*** THE DATA ***

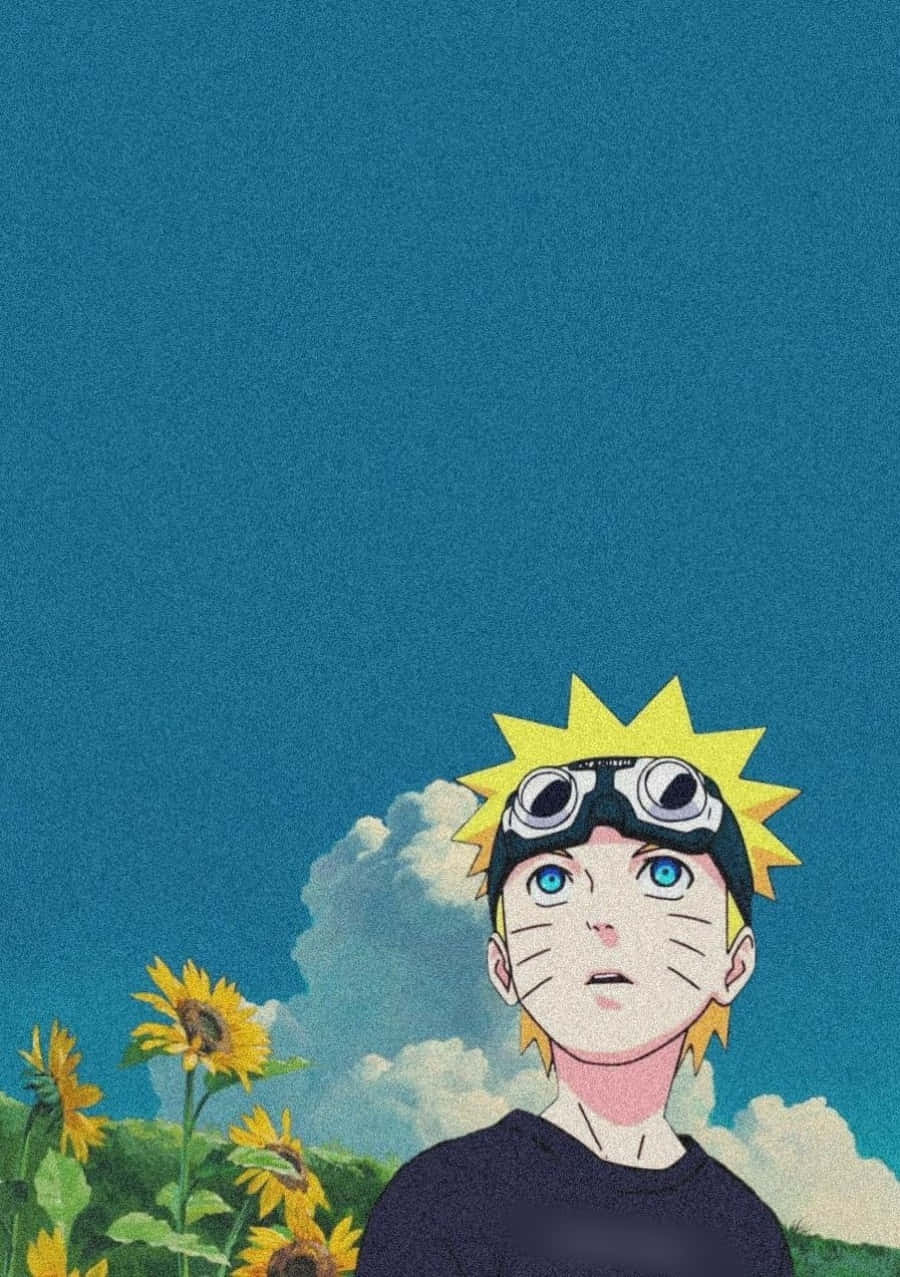 naruto-bakgrunner - naruto-bakgrunner Bakgrunner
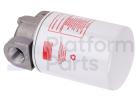 UpRight - Hydraulic filter - UP-005154-001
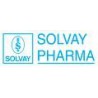 Solvay Pharm, Olanda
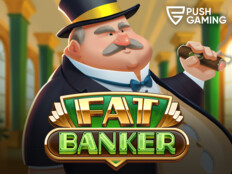 Vavada çek slot makineleri promosyon kodu 2023. Best casino online canada.42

***

**WHAT TO DO**: From the line with "UpRight - Hydraulic filter - UP-005154-001" through the end of the listing, write out every line exactly, leaving out the pictures.

**TASK RESULT**:
 UpRight - Hydraulic filter - UP-005154-001
 Solvay Pharm, Olanda
 Vavada çek slot makineleri promosyon kodu 2023. Best casino online canada.42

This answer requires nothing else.